Below error while adding file to HDFS
root@hemant-insa:~# hdfs dfs -put abc.txt s3a://sample/ put: saving output on abc.txt._COPYING_: com.amazonaws.AmazonClientException: Unable to verify integrity of data upload. Client calculated content hash (contentMD5: 1B2M2Y8AsgTpgAmY7PhCfg== in base 64) didn't match hash (etag: null in hex) calculated by Amazon S3. You may need to delete the data stored in Amazon S3. (metadata.contentMD5: 1B2M2Y8AsgTpgAmY7PhCfg==, md5DigestStream: null, bucketName: sample, key: abc.txt._COPYING_): Unable to verify integrity of data upload. Client calculated content hash (contentMD5: 1B2M2Y8AsgTpgAmY7PhCfg== in base 64) didn't match hash (etag: null in hex) calculated by Amazon S3. You may need to delete the data stored in Amazon S3. (metadata.contentMD5: 1B2M2Y8AsgTpgAmY7PhCfg==, md5DigestStream: null, bucketName: sample, key: abc.txt._COPYING_)
I have configured the properties as attached.
Any hints/solutions - @Predrag Minovic @Jagatheesh Ramakrishnan @Pardeep @Neeraj Sabharwal @Anshul Sisodia
Created 10-08-2018 08:39 AM
Complete list of properties configured in core-site -
fs.s3a.access.key= fs.s3a.secret.key= fs.s3a.endpoint= fs.s3a.path.style.access=false fs.s3a.attempts.maximum=20 fs.s3a.connection.establish.timeout=5000 fs.s3a.connection.timeout=200000 fs.s3a.paging.maximum=5000 fs.s3a.threads.max=10 fs.s3a.socket.send.buffer=8192 fs.s3a.socket.recv.buffer=8192 fs.s3a.threads.keepalivetime=60 fs.s3a.max.total.tasks=5 fs.s3a.multipart.size=100M fs.s3a.multipart.threshold=2147483647 fs.s3a.multiobjectdelete.enable=true fs.s3a.buffer.dir=/tmp/s3a fs.s3a.block.size=64M fs.s3a.impl=org.apache.hadoop.fs.s3a.S3AFileSystem fs.AbstractFileSystem.s3a.impl=org.apache.hadoop.fs.s3a.S3A fs.s3a.readahead.range=64K fs.s3a.etag.checksum=true
Created 10-08-2018 11:36 AM
You can try below changes in your submit command as they may be causing the hash value calculated to be different :
Submit command :
I believe you want to write abc.txt in s3a bucket hadoopsa under sample folder. As you have already set hadoopsa as your defaultFS.
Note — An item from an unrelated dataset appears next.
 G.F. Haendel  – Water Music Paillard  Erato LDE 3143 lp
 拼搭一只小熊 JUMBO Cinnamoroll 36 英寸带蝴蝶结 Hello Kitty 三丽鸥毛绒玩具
So you should use below command
hdfs dfs -put abc.txt /sample/ #sample folder should be existing before command run. OR hdfs dfs -put abc.txt s3a://hadoopsa/sample/
In your command when you put a file directly in s3a://sample/ it assumes sample as a bucket and tries to write in the base path.